In some cases, frequent urination can also be a result of dehydration. Some clues you aren’t hydrated enough? First of all, your urine is darker. It might also consistently look foamy or frothy. The reason urine looks darker when you’re dehydrated is pretty simple. It has less water in it and a higher concentration of other components. Some of these are: urea (which includes toxic ammonia), sodium, chloride, and more. These other components in urine can cause the lining of your bladder to become irritated or inflamed. When this happens, you’ll need to go more often.
Can lifestyle changes help frequent urination?
If you feel the need to use the bathroom everywhere or your sleep is consistently getting interrupted during the night, it’s time to first look at your habits. A few to think about are:
- Am I drinking a lot of sugar-filled drinks, artificial sweeteners, alcohol, seltzer, or caffeine? All can make you have to use the bathroom more often, and focusing on plain water can help you go longer between trips to the toilet.
- Do any of my medications have a diuretic effect? Altering when you take your dose may help, but you’ll want to run this by your provider.
- Am I consuming a lot of citrus? Reducing the amount of citrus and tomatoes you eat can be helpful with frequent urination and incontinence. These foods have a lot of citric acid, which can make it harder to control your bladder.
- Do I have any pain when I pee or blood in my urine? You might have an infection and need to call your physician. There are over-the-counter products that can help, too, like Uristat and AZO. But they aren’t a substitute for a checkup.
- How does my urine look? Is it light and nearly clear or is it dark and amber-colored? This will give you clues on how well you’re hydrated and if your frequent urination could be from dehydration.

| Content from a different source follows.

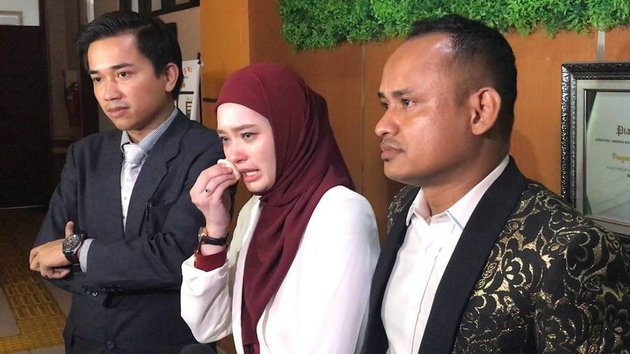 8 Photos of Inara Rusli Prostrating in Gratitude After Winning Absolute, Entitled to Lifetime Royalties - Her child receives maintenance until adulthood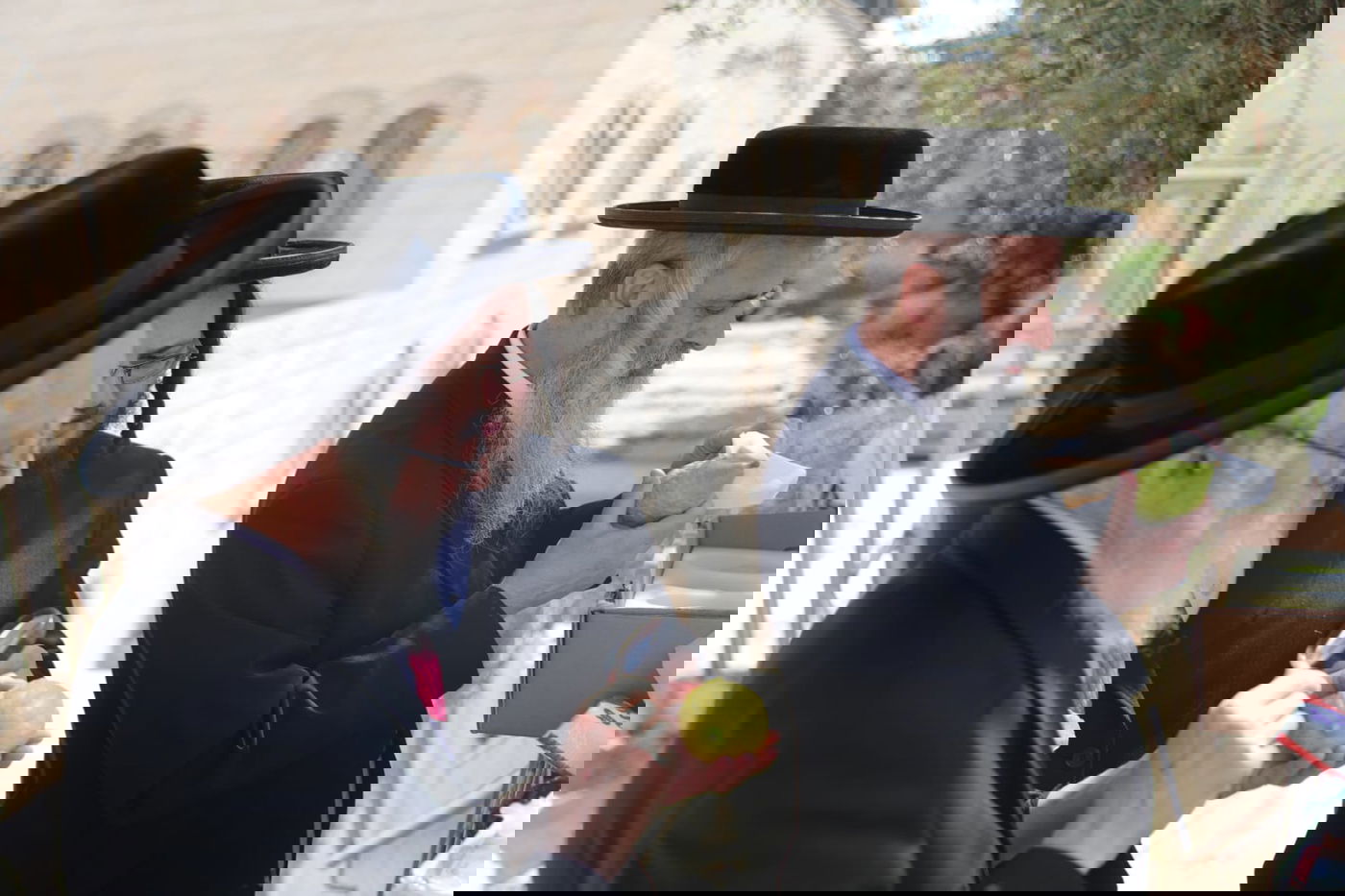 מיוחד: הצצה לשוק ארבעת המינים בזופניק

When to talk to your physician
Even though it can be normal to go 10 times a day, there are instances when it’s not. Pay attention to signs that your frequency of urination is related to something going on in your body. You might be dealing with overactive bladder syndrome, or OAB. If so, there are treatments and natural solutions that can help. Here are some other reasons to talk to your physician:
- If your bathroom habits are disruptive and reducing your quality of life.
- Feeling the urge to go to the bathroom often and your bladder never feels “empty” afterwards.
- Pain when urinating or blood in your urine.
- Any leakage or incontinence. Nearly 25 million Americans have an issue with urinary incontinence. Approximately 75% of them are women.
- If you are dealing with any type of pelvic symptoms or pain, including peeing a lot.
- Going pee a lot but hardly any seems to come out. This can be a sign of a UTI (urinary tract infection) or other infection.
- You’ve eliminated things like alcohol in the evening, but you’re still having to wake up a couple of times a night.
- Needing to push to go pee. Your body should relax to urinate; you shouldn’t have to actively use your muscles to get it out. In women, having to force out urine could be due to weak pelvic muscles, prolapse. Much less commonly, it is from bladder outlet obstruction. In men, it’s usually due to bladder outlet obstruction.
Help for frequent urination
Having to go the bathroom a lot can feel embarrassing–and so can bringing up the topic with your doctor. But talking with your provider is usually the first step to healing. They can help you identify what’s considered frequent urination for you and offer more help with lifestyle changes. The good news: once the cause has been figured out, there are treatments that can get you back on a better schedule.